■ Task instructions
For the entries below, print exactly the lines between the line holding "Daisies sobre un fondo azul.Eps 10 vector." and the line holding "Image to Close", inclusive, and nothing else.

■ Listed entries
__________________________________________________

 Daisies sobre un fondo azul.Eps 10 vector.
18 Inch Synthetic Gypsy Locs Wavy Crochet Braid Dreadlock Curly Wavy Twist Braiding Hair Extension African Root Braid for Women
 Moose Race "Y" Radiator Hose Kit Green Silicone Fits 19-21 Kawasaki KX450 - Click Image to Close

__________________________________________________

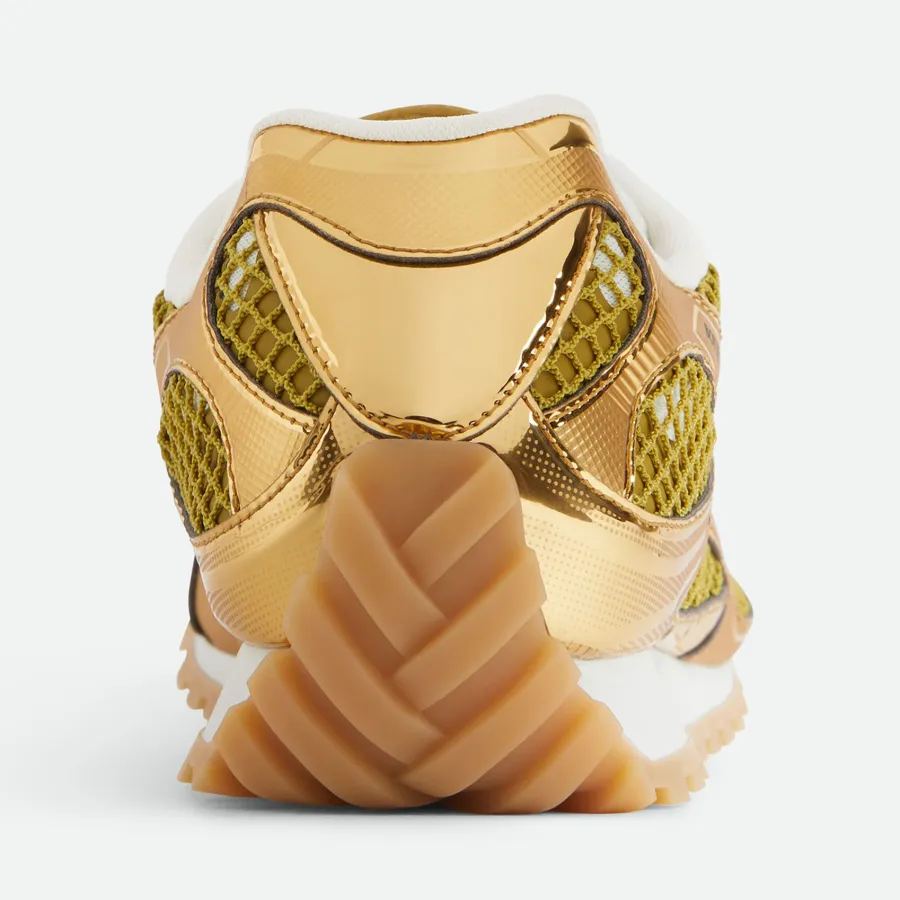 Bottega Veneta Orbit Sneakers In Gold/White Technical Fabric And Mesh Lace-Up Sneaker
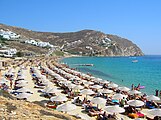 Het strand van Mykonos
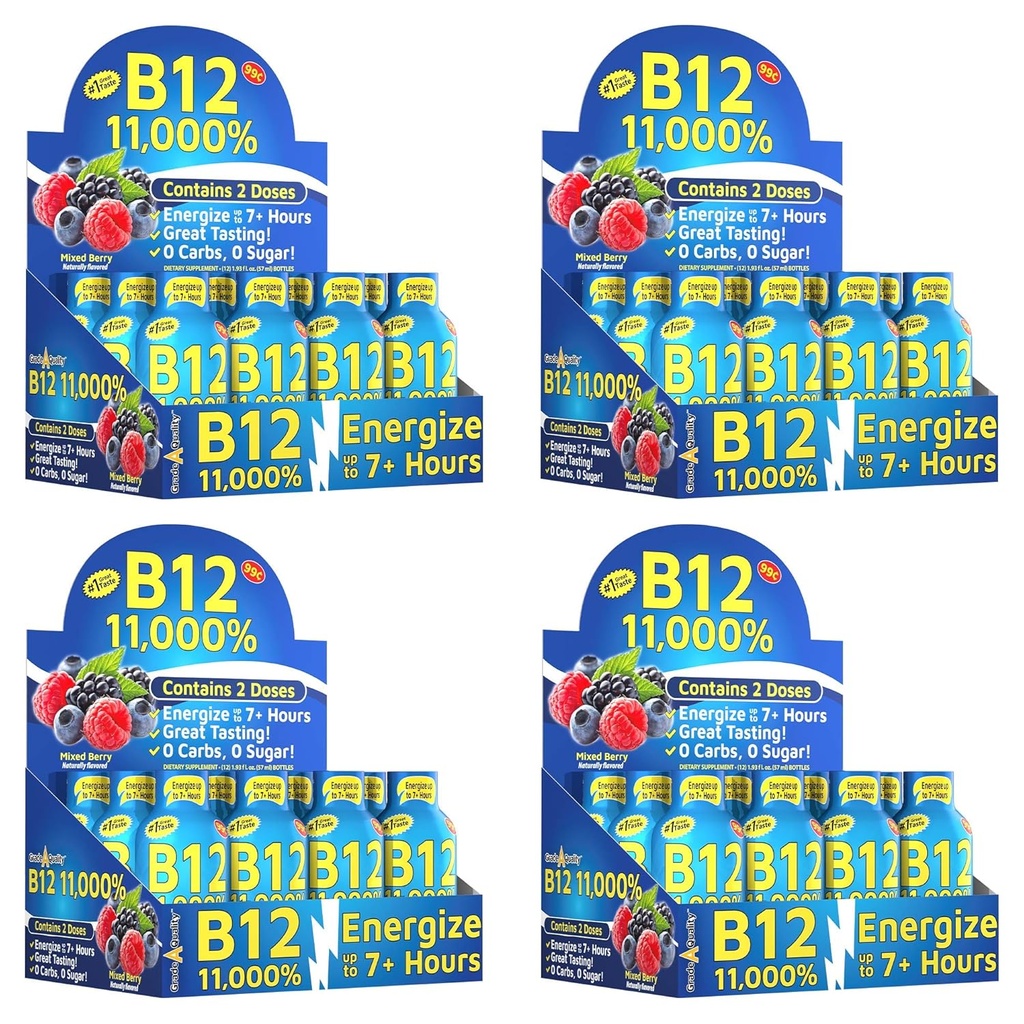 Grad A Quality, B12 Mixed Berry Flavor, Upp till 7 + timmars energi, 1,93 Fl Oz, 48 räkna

__________________________________________________

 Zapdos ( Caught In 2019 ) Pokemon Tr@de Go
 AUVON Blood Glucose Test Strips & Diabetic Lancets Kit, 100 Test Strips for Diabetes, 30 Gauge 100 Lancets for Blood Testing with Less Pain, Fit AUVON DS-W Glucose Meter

__________________________________________________

■ Exercise answer
 Daisies sobre un fondo azul.Eps 10 vector.
18 Inch Synthetic Gypsy Locs Wavy Crochet Braid Dreadlock Curly Wavy Twist Braiding Hair Extension African Root Braid for Women
 Moose Race "Y" Radiator Hose Kit Green Silicone Fits 19-21 Kawasaki KX450 - Click Image to Close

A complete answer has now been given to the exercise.